ImputeGAP includes a dedicated module for systematically evaluating the impact of data imputation on downstream tasks. Currently, forecasting is the primary supported task, with plans to expand to additional tasks in the future.

from imputegap.recovery.imputation import Imputation
from imputegap.recovery.contamination import GenGap
from imputegap.recovery.manager import TimeSeries
from imputegap.tools import utils

# initialize the time series object
ts = TimeSeries()

# load and normalize the timeseries
ts.load_series(utils.search_path("forecast-economy"), normalizer="z_score")

# contaminate the time series
ts_m = GenGap.aligned(ts.data, rate_series=0.8)

# define and impute the contaminated series
imputer = Imputation.MatrixCompletion.CDRec(ts_m)
imputer.impute()

# compute and print the downstream results
downstream_config = {"task": "forecast", "model": "hw-add", "baseline": "ZeroImpute"}
imputer.score(ts.data, imputer.recov_data, downstream=downstream_config)
ts.print_results(imputer.downstream_metrics, text="Downstream results")

All downstream models developed in ImputeGAP are available in the ts.forecasting_models module. They can be listed as follows:

from imputegap.recovery.manager import TimeSeries
ts = TimeSeries()
print(f"ImputeGAP downstream models for forecasting : {ts.forecasting_models}")

Explainer¶

The library provides insights into the algorithm’s behavior by identifying the features that impact the imputation results. It trains a regression model to predict imputation results across various methods and uses SHapley Additive exPlanations (SHAP) to measure how different time series features influence the model’s predictions.
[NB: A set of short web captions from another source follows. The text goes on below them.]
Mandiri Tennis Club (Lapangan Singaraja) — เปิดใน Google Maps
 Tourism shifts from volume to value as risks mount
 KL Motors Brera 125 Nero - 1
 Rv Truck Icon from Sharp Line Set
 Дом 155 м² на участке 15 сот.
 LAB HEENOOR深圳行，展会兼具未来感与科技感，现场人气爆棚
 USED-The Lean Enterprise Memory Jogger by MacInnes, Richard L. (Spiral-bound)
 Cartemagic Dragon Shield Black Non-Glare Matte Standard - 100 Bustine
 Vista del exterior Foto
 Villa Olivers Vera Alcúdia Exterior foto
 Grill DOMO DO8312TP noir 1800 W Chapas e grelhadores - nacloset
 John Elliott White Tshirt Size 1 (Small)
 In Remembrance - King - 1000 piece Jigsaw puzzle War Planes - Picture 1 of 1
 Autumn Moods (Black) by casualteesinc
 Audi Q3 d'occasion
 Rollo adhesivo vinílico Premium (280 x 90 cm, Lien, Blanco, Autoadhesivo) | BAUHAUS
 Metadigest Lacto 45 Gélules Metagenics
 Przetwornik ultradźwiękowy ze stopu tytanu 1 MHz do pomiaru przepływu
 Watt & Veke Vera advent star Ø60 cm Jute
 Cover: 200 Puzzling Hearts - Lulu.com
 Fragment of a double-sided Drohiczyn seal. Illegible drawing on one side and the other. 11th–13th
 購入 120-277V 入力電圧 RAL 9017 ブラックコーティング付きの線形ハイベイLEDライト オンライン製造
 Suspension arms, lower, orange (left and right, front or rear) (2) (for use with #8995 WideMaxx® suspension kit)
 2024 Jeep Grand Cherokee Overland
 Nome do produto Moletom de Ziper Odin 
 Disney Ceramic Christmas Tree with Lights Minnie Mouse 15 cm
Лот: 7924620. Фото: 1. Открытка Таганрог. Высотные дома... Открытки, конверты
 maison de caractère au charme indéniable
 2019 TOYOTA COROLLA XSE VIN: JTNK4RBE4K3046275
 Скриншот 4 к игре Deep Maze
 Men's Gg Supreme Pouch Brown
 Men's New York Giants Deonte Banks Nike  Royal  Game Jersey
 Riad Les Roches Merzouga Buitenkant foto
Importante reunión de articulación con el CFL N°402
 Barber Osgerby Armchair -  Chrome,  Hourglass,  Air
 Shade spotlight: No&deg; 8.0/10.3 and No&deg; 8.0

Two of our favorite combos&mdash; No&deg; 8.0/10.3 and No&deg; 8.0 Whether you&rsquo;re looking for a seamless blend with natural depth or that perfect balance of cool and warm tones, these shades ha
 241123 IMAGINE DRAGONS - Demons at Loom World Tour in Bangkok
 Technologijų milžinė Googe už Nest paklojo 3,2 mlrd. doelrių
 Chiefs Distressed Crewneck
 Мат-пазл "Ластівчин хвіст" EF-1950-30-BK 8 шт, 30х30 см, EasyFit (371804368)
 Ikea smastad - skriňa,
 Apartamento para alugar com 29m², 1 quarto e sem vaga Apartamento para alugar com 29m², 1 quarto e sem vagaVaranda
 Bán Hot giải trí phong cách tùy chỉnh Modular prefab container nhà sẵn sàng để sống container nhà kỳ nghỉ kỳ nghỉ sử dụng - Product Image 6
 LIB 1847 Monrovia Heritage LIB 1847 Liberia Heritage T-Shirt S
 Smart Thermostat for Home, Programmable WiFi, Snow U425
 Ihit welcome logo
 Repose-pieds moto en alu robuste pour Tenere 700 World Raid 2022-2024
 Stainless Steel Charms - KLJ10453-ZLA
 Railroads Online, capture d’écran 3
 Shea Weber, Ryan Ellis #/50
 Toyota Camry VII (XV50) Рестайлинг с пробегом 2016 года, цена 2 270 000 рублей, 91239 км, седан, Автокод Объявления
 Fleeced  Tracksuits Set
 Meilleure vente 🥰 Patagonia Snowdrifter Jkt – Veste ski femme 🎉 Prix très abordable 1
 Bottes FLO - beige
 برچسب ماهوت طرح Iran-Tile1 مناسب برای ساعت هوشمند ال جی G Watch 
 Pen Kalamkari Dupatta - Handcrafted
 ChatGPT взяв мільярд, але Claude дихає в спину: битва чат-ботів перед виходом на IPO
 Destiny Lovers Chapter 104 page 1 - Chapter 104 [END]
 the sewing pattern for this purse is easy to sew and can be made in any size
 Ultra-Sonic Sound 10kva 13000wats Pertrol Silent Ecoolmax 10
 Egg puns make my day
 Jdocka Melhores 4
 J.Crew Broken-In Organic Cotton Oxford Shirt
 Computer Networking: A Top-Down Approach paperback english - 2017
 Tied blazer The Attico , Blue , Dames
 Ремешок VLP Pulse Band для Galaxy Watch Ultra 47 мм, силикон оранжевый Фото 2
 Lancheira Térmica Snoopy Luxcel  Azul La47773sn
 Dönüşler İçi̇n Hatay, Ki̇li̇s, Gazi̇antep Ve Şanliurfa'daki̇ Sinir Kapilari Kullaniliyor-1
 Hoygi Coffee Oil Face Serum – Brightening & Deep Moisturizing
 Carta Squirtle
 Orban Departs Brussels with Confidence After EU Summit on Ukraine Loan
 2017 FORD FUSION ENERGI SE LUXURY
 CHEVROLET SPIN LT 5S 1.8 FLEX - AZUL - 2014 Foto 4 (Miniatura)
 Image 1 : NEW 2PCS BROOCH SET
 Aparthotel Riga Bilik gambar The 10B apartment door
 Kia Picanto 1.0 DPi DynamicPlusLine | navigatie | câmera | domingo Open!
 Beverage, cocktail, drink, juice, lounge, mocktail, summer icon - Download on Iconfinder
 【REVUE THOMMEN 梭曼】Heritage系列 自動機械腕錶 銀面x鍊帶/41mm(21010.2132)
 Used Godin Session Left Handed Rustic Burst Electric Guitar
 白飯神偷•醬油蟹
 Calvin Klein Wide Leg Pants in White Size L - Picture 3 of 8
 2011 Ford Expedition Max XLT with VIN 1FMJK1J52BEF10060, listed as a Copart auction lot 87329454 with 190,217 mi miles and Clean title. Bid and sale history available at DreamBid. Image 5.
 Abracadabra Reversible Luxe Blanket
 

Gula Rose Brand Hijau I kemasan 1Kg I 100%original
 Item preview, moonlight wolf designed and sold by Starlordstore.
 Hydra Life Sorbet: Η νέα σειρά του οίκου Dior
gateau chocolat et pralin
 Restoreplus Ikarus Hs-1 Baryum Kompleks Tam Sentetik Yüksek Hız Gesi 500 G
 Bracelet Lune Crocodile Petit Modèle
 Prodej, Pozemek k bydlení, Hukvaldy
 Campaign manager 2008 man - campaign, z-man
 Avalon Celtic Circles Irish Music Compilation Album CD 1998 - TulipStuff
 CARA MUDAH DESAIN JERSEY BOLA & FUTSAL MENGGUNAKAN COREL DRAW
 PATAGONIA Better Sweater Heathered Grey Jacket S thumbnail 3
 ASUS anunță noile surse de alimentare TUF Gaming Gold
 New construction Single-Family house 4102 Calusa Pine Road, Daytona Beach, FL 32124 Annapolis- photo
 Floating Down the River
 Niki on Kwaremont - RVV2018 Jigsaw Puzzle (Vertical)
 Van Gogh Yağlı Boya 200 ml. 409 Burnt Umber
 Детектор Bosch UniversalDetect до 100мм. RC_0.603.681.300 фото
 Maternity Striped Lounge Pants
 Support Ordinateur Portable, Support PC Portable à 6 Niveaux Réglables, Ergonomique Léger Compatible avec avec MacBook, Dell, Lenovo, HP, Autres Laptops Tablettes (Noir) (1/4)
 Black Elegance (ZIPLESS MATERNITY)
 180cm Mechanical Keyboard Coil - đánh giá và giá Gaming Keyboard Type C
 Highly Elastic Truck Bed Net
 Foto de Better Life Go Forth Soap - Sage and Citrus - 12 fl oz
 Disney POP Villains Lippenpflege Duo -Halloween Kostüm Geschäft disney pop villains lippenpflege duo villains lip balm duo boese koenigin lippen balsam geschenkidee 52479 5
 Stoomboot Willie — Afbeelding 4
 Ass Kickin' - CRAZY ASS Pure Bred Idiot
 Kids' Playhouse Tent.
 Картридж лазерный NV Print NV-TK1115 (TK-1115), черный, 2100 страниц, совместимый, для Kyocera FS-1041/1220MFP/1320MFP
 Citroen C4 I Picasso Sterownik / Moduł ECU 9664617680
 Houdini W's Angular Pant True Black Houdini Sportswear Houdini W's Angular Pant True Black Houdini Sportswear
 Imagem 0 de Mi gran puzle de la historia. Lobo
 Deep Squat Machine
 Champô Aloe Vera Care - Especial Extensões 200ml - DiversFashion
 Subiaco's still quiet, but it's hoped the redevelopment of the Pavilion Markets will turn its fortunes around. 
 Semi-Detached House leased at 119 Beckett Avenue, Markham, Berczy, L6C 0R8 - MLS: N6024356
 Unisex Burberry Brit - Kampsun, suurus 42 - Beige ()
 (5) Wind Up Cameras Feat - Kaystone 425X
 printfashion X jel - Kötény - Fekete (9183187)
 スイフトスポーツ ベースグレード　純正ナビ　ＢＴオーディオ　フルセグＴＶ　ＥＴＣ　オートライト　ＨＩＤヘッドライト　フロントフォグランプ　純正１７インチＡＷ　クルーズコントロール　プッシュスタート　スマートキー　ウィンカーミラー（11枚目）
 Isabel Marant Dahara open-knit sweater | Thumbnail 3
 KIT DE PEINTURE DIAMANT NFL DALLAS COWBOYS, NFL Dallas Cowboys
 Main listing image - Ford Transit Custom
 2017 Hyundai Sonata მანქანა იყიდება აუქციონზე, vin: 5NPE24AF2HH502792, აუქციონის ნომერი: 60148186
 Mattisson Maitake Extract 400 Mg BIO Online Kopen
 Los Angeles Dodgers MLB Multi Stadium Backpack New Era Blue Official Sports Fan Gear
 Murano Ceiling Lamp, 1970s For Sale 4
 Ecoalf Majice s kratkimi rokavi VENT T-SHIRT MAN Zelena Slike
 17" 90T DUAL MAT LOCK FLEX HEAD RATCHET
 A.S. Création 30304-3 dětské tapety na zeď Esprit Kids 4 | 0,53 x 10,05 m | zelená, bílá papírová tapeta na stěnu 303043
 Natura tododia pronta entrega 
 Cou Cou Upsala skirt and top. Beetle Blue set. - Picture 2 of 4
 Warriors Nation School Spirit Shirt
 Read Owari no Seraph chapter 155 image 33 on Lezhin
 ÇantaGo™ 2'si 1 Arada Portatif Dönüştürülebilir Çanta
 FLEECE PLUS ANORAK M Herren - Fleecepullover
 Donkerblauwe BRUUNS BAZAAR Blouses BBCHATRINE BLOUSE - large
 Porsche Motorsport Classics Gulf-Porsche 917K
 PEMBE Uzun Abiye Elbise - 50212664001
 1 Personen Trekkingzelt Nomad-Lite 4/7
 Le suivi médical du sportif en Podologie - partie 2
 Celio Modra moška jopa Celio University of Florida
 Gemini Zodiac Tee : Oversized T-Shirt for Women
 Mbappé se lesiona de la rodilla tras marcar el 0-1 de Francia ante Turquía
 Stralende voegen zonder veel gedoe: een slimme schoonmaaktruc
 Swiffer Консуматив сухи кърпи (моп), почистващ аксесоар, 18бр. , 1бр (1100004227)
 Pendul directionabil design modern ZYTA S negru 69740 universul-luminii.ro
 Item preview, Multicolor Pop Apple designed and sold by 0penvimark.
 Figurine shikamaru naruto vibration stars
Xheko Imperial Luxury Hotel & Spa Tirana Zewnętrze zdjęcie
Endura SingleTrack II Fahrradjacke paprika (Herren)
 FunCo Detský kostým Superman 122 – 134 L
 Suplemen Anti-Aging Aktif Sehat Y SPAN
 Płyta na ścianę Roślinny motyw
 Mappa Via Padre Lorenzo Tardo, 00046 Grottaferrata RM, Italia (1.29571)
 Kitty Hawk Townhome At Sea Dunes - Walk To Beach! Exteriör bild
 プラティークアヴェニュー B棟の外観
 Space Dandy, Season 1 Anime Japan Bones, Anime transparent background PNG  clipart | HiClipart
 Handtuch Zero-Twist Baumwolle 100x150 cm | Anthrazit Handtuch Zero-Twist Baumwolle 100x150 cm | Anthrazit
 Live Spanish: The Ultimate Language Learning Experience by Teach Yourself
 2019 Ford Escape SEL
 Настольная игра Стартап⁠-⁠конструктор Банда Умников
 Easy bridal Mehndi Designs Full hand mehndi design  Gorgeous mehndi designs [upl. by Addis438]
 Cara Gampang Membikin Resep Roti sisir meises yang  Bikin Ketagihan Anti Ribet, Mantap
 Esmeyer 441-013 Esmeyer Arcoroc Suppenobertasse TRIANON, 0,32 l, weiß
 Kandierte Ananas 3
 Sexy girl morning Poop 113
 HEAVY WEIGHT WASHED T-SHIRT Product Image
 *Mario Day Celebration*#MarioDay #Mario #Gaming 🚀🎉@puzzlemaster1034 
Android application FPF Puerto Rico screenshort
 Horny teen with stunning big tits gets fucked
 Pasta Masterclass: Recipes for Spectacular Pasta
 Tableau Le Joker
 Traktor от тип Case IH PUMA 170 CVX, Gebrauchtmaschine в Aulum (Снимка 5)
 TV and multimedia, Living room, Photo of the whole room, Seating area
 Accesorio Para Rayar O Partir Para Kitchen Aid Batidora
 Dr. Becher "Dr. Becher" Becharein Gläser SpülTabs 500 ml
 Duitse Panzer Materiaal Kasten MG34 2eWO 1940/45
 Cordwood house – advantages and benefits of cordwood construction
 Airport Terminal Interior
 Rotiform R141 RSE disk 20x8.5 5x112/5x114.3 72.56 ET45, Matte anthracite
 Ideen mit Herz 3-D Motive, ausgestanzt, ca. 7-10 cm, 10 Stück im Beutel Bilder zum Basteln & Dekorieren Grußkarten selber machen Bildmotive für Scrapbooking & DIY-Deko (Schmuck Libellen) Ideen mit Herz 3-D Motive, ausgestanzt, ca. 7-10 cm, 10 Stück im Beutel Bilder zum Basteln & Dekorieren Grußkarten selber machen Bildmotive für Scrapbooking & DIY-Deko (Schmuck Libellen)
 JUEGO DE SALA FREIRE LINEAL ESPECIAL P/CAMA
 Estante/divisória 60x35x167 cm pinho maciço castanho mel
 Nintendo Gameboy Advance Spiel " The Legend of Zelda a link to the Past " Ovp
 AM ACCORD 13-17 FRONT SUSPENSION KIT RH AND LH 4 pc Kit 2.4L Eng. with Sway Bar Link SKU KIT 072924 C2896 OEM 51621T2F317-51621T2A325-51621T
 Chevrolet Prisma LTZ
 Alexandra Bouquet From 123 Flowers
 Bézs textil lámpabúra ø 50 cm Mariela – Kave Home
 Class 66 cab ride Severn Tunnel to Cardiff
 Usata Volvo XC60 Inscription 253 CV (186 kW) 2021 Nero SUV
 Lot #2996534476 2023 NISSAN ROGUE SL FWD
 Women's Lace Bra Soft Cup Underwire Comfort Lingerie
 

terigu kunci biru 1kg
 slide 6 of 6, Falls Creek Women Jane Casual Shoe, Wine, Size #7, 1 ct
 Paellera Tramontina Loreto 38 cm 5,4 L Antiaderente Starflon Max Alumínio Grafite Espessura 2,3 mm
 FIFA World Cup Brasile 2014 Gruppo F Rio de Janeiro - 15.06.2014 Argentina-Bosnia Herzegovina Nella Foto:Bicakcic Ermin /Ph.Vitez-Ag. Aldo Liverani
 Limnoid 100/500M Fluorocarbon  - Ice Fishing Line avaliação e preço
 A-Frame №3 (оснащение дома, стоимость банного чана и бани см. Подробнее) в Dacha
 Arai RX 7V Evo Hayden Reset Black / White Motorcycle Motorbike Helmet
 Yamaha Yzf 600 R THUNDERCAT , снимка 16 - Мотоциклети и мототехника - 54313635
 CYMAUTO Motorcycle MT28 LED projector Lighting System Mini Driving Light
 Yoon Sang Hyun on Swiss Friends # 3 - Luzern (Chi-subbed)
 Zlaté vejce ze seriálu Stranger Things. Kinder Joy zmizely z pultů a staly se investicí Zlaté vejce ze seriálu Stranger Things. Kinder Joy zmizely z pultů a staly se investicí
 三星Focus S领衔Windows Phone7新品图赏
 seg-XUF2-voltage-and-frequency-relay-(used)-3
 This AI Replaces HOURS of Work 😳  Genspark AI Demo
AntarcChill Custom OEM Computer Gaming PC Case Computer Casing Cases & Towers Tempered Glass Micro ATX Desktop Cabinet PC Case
Let’s illustrate the explainer using the CDRec algorithm and MCAR missingness pattern:

from imputegap.recovery.manager import TimeSeries
from imputegap.recovery.explainer import Explainer
from imputegap.tools import utils

# initialize the time series and explainer object
ts = TimeSeries()
exp = Explainer()

# load and normalize the dataset
ts.load_series(utils.search_path("eeg-alcohol"), normalizer="z_score")

# configure the explanation
exp.shap_explainer(input_data=ts.data, extractor="pycatch", pattern="mcar", file_name=ts.name, algorithm="CDRec")

# print the impact of each feature
exp.print(exp.shap_values, exp.shap_details)

# plot the features impact
exp.show()

All feature extractors developed in ImputeGAP are available in the ts.extractors module. They can be listed as follows:

from imputegap.recovery.manager import TimeSeries
ts = TimeSeries()
print(f"ImputeGAP features extractors : {ts.extractors}")